Bei mehreren guten Optionen greift dein Kopf schnell auf Bauchgefühl oder die lauteste Stimme im Raum zurück. Eine Entscheidungsmatrix zwingt dich, die wirklich wichtigen Kriterien festzulegen und Optionen nachvollziehbar zu bewerten.

  • Mindestens 3 tragfähige Optionen
  • Nachvollziehbare Bewertung
  • Klare Begründung

Was ist eine Entscheidungsmatrix?

Eine gewichtete Entscheidungsmatrix vergleicht mehrere tragfähige Optionen anhand derselben Kriterien. Gewichte machen sichtbar, was für die Entscheidung besonders wichtig ist; Bewertungen, Begründung und Risiken halten nachvollziehbar, worauf das Ergebnis beruht.

  1. Optionen festlegen

    Benenne die ernsthaft infrage kommenden Alternativen klar und auf vergleichbarem Niveau.

  2. Kriterien gewichten

    Lege vor der Bewertung fest, welche Kriterien zählen und wie wichtig sie jeweils sind.

  3. Optionen bewerten

    Bewerte jede Option für jedes Kriterium mit derselben Skala und auf Grundlage verfügbarer Fakten.

  4. Favoriten begründen

    Vergleiche die gewichteten Ergebnisse und erkläre, warum die bestbewertete Option vorn liegt.

  5. Risiken prüfen

    Halte mögliche Nachteile, unsichere Annahmen und passende Gegenmaßnahmen für die bevorzugte Option fest.
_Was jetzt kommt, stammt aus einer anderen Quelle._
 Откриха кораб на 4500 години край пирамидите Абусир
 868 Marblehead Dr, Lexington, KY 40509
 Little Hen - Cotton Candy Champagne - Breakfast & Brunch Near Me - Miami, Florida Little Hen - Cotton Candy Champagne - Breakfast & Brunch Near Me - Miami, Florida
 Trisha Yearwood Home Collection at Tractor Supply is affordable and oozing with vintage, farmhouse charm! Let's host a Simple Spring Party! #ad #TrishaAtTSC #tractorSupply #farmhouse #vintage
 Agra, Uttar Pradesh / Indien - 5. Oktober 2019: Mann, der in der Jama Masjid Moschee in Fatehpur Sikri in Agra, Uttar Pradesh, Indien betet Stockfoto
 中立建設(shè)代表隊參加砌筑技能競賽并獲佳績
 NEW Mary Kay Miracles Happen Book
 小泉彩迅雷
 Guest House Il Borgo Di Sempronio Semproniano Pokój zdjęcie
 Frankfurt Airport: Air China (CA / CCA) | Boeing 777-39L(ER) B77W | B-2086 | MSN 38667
Entscheidungsmatrix an einem konkreten Beispiel

Ein beispielhafter Vergleich von drei Systemen für den Kundensupport:

  1. Optionen

    Das Team vergleicht Zendesk, Freshdesk und Jira Service Management.

  2. Kriterien

    Integrationen zählen 30 %, Einführungsaufwand und Bedienbarkeit je 25 %, laufende Kosten 20 %.

  3. Bewertung

    Auf einer Skala von 1 bis 5 erreicht Freshdesk 4,25 Punkte, Zendesk 4,10 und Jira Service Management 3,80.

  4. Favorit

    Freshdesk liegt knapp vorn, weil es schnell einführbar ist und bei den Kosten gut abschneidet; der geringe Abstand zu Zendesk bleibt sichtbar.

  5. Risiko

    Unklar ist, ob die Berichtsfunktionen ausreichen. Das Team prüft sie deshalb vor der Entscheidung in einem zweiwöchigen Pilot.

Die Werte sind nur ein Beispiel. Ein hoher Score ist kein Beweis: Kriterien, Gewichte und Bewertungen sollten begründet und bei knappen Ergebnissen auf veränderte Annahmen geprüft werden.

Wann diese Methode hilft

Nutze sie bei mindestens drei tragfähigen Optionen, wenn mehrere Personen deine Begründung verstehen müssen oder du deine eigene Entscheidung immer wieder infrage stellst.

Grenzen und Warnsignale

Das Ergebnis ist nur so belastbar wie Kriterien, Gewichtungen und zugrunde liegende Fakten. Ein hoher Score ist kein Beweis; Gleichstände und schwache Evidenz müssen sichtbar bleiben.

Wo Reflacto diese Methode einsetzt

Wähle die Situation, die du reflektieren möchtest:

Wichtigste Vorteile

  • Löst Entscheidungsblockaden durch einen klaren Favoriten auf Basis deiner wichtigsten Kriterien
  • Zeigt anderen transparent, wie du zu deiner Entscheidung gekommen bist
  • Bringt Faktoren ins Blickfeld, die unter Druck leicht vergessen werden
  • Schafft eine wiederverwendbare Vorlage für ähnliche Entscheidungen

Diese Fragen stellt Reflacto

Reflacto übersetzt die Methode in diese konkreten Reflexionsfragen:

  1. 1Welche Optionen ziehst du in Betracht?
  2. 2Welche Kriterien sind für diese Entscheidung am wichtigsten?
  3. 3Bewerte jede Option anhand jedes Kriteriums
  4. 4Basierend auf deiner Bewertung, welche Option liegt am höchsten und warum?
  5. 5Was sind die Hauptrisiken für jede Option?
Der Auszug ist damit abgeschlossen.